In a bolted connection you want to target a clamp load. That's the goal. How much force along the axis of the bolted connection is being imparted. This is EXCEPTIONALLY difficult to measure in the field. SO, instead you design a fixture in a shop that can measure that clamp load, do lots and lots of testing, and develop a curve fit equation that relates torque applied to tension force along the axis under a given set of conditions. Within the formulas that are used to predict the relationship exists a coefficient of friction. This MUST be laboratory tested to have any idea what it is. You can google for weeks, and read books for months and not find agreeing data. SO, you MUST have some idea of what the joint looks like, how it's intended to operate, and how much clamp load you need before you can even begin to specify a torque. Even then it's most likely wrong. Anything beyond that is empirically measured and tested and that curve is developed.
Beyond just that, there are other methods such as "turn of the nut", and "Torque to Yield" applications that can be used to get a more consistent clamp load. These are often used on cylinder heads and other highly (and cyclically) loaded joints. I won't go into that here, there are PhD level dissertations written on this and in general you have to be beyond neck deep in a project to need this level of detail in your joint design.
What REALLY happens is that you can apply LESS torque to achieve the same clamp load when you lubricate a fastener. If you apply the same torque to a lubricated fastener the clamp load will be HIGHER than with an unlubricated fastener. This is due to the coefficient of friction between the male and female pieces being LOWER. As you apply torque, some of that rotation force is used to overcome the friction in the threads, lubricate it and less of the force is used to overcome friction and more is used to increase clamp load (by straining the bolt more).
We should also talk about the use of Never-Seize, and what it's purpose is. It's purpose is NOT to lubricate the threads, well, not in the sense of lowering the friction constant anyway. It's purpose it to provide a barrier between dissimilar metals, and to prevent corrosion. We use it on a regular basis in high temperature applications, as well as anytime we have dissimilar metals. The high temps will corrode a fastener quickly, and removal will often gall the threads, likewise stainless on stainless is know to gall easily, so we will use it there, especially in high clamp load situations. With all that said, it does lower the friction constant, and thus will produce a higher clamp load per unit torque applied to it. At some level, the video is not wrong, but WOW it's pretty misleading in his verbiage.
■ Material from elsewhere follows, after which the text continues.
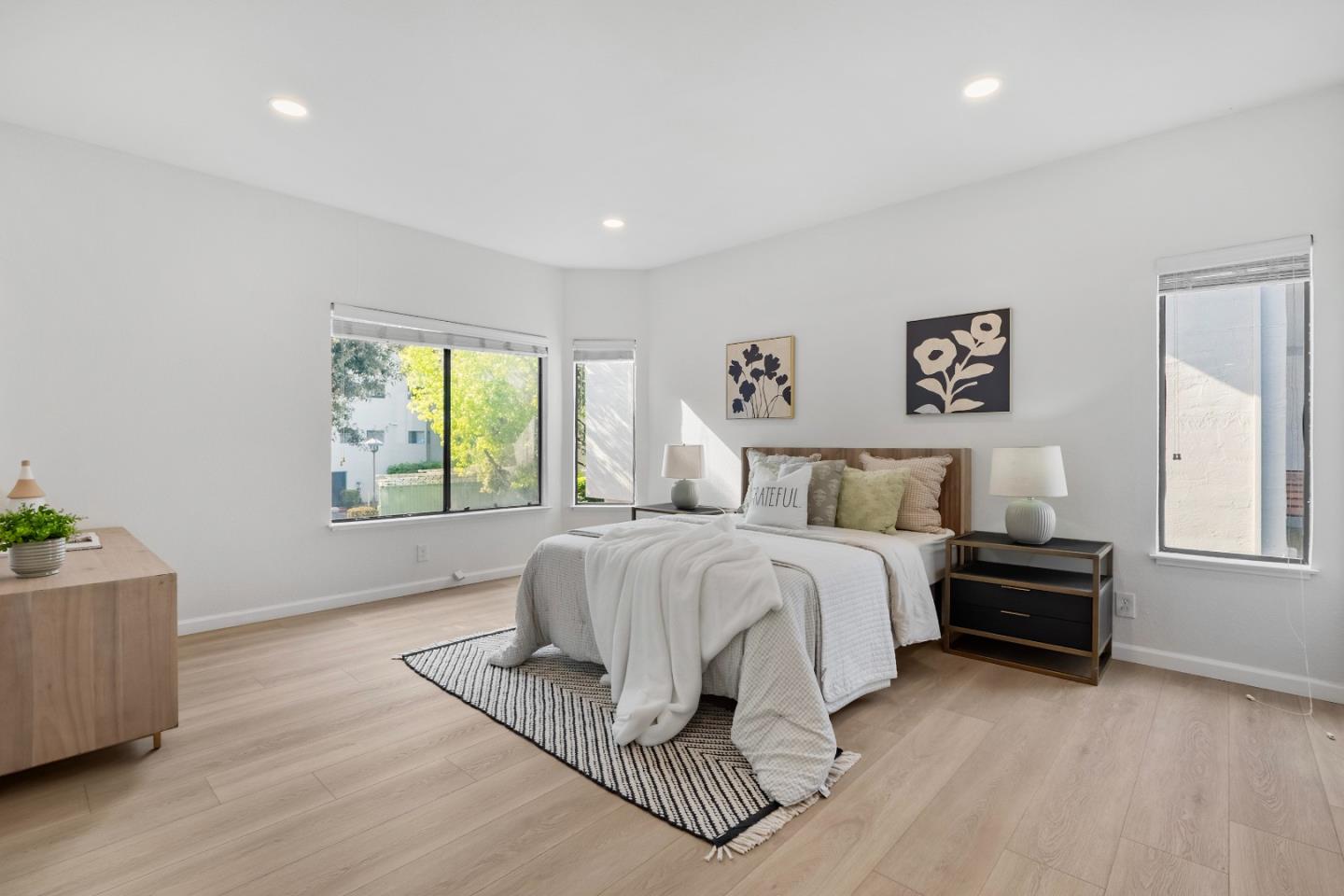 Detail Gallery Image 5 of 32 For 1909 Magdalena Cir #74,  Santa Clara,  CA 95051 - 2 Beds | 2 Baths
Finally, we need to talk about accuracy of clamp load in regards to torque application. Because of the myriad of details that go into determining that relationship, it's WILDLY inaccurate without laboratory testing. If you change a single variable then all of the testing is invalidated, and you're back to essentially guessing at clamp load. Engineers edge publishes a table that reports +/- 30% for unlubricated and +/-25% for lubricated fasteners when comparing actual clamp load to calculated clamp load.
You can find that here with some additional reading on how clamp load is developed.
Here is another good link from Engineers Edge. It has some coefficient of friction values listed below. You can see the difference between a stainless and a lubricated bolt is only about 8% or so, still well within the 50% (+/-25%) accuracy window.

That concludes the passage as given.